(Data excerpts begins)

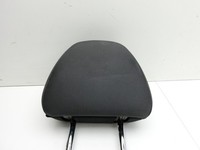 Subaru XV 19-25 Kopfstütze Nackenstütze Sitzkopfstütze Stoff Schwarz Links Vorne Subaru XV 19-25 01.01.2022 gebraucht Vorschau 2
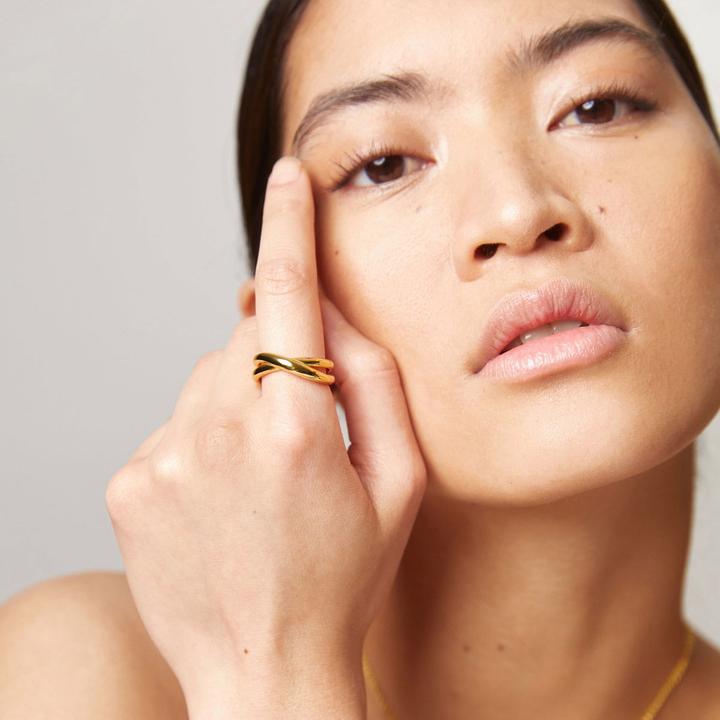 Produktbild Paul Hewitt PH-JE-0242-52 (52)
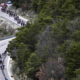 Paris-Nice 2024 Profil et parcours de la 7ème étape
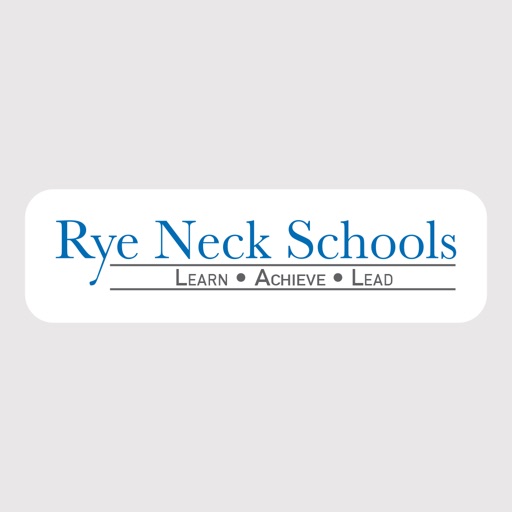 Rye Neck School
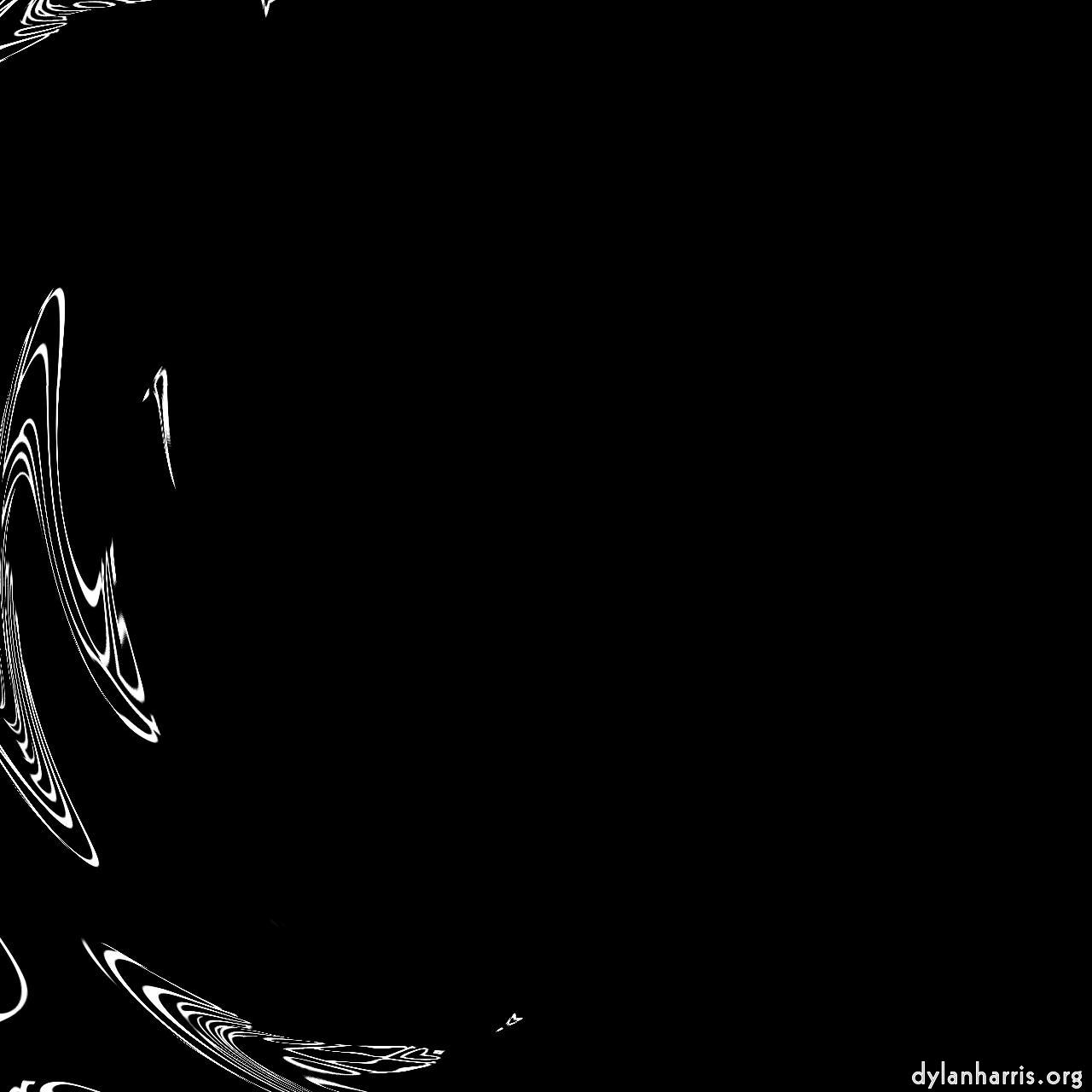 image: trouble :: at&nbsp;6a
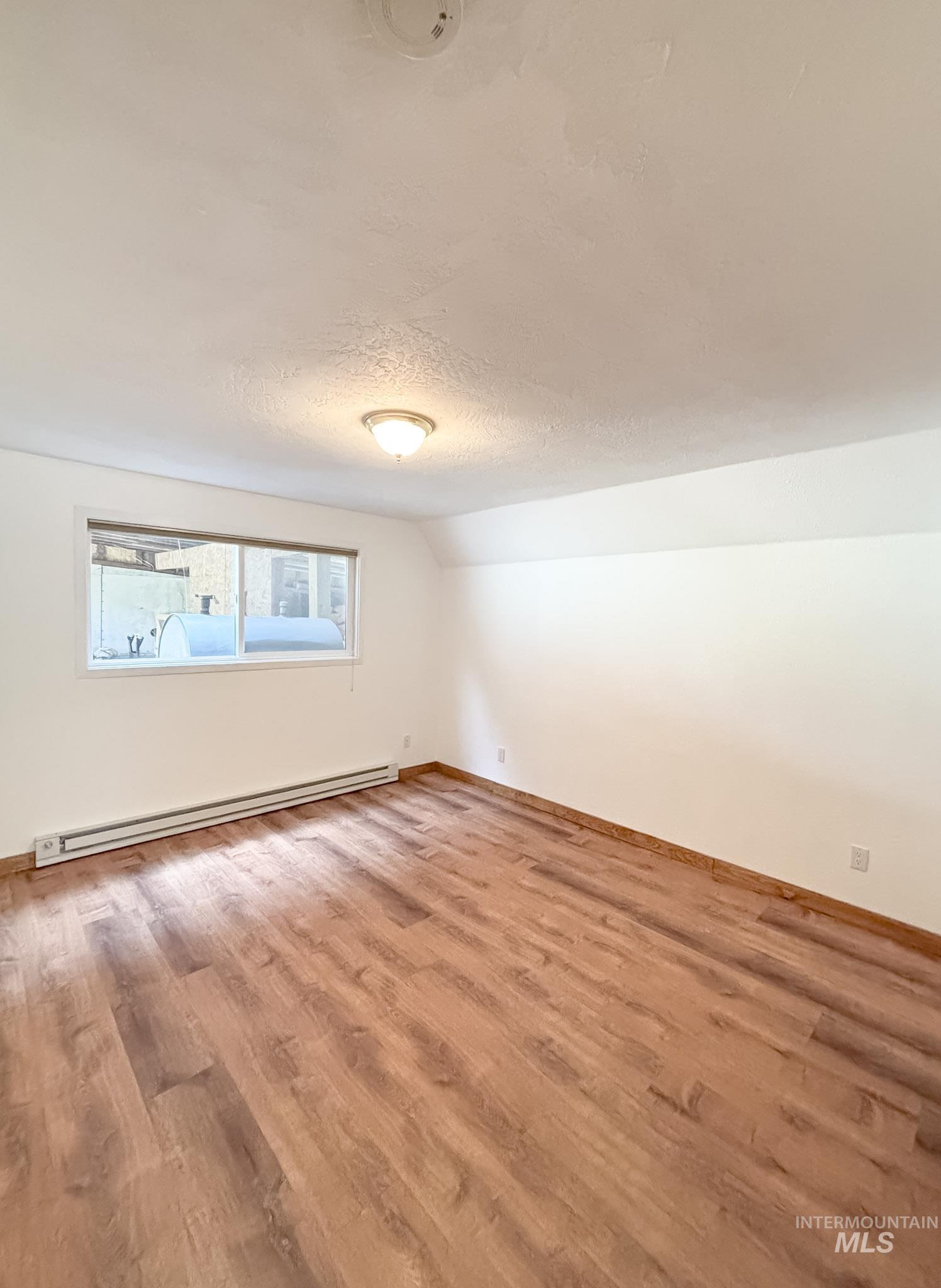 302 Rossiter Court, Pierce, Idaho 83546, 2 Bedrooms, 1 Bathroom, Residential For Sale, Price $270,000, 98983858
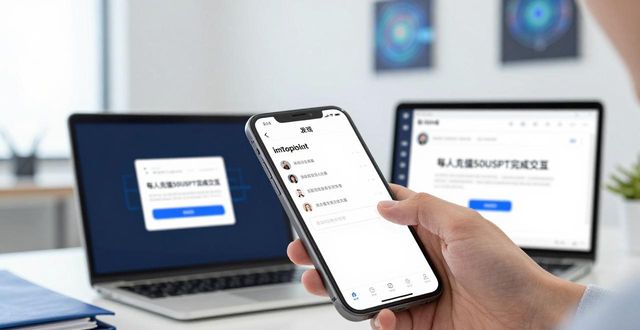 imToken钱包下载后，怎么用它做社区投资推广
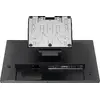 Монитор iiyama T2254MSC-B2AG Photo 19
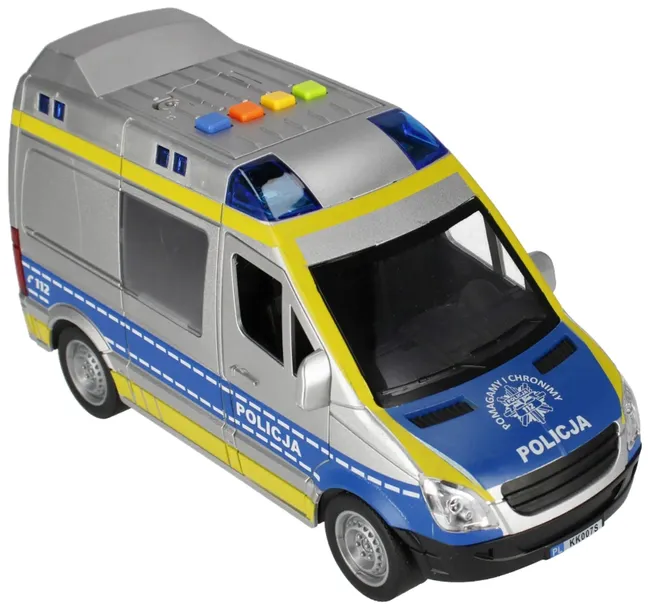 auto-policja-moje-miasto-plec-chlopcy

(Data excerpts ends)

• _Aim of the task_: Output the records above unchanged, minus their pictures.

• _Reply_:
 Subaru XV 19-25 Kopfstütze Nackenstütze Sitzkopfstütze Stoff Schwarz Links Vorne Subaru XV 19-25 01.01.2022 gebraucht Vorschau 2
 Produktbild Paul Hewitt PH-JE-0242-52 (52)
 Paris-Nice 2024 Profil et parcours de la 7ème étape
 Rye Neck School
 image: trouble :: at&nbsp;6a
 302 Rossiter Court, Pierce, Idaho 83546, 2 Bedrooms, 1 Bathroom, Residential For Sale, Price $270,000, 98983858
 imToken钱包下载后，怎么用它做社区投资推广
 Монитор iiyama T2254MSC-B2AG Photo 19
 auto-policja-moje-miasto-plec-chlopcy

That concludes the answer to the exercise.